▶ [Problem description]
Of all the lines in the entries below, give again exactly those starting at the line containing "100次逃脱 100 Escapers截图5 100次逃脱" and ending at the line containing "2 chambre Appartement", both ends included, and no others.

▶ [Record set]
*-*-*

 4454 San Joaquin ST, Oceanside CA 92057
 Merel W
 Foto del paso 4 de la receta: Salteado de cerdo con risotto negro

*-*-*

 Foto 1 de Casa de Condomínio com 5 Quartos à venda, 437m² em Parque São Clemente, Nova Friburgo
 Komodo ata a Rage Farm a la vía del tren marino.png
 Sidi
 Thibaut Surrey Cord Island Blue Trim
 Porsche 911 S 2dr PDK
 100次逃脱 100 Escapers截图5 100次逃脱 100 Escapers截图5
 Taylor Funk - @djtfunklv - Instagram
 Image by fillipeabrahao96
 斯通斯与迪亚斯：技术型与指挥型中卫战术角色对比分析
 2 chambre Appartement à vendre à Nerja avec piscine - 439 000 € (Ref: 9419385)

*-*-*

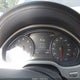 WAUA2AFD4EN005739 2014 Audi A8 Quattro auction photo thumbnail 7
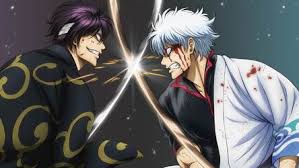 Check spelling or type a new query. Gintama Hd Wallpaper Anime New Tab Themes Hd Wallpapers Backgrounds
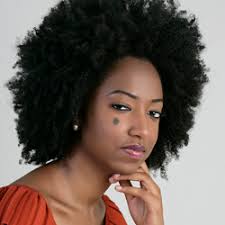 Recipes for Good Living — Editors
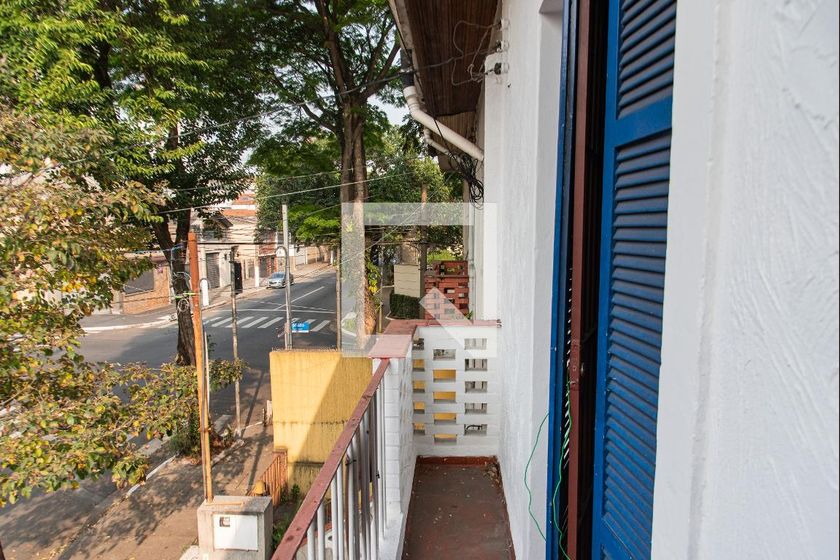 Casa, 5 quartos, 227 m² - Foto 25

*-*-*

▶ [Result of the exercise]
 100次逃脱 100 Escapers截图5 100次逃脱 100 Escapers截图5
 Taylor Funk - @djtfunklv - Instagram
 Image by fillipeabrahao96
 斯通斯与迪亚斯：技术型与指挥型中卫战术角色对比分析
 2 chambre Appartement à vendre à Nerja avec piscine - 439 000 € (Ref: 9419385)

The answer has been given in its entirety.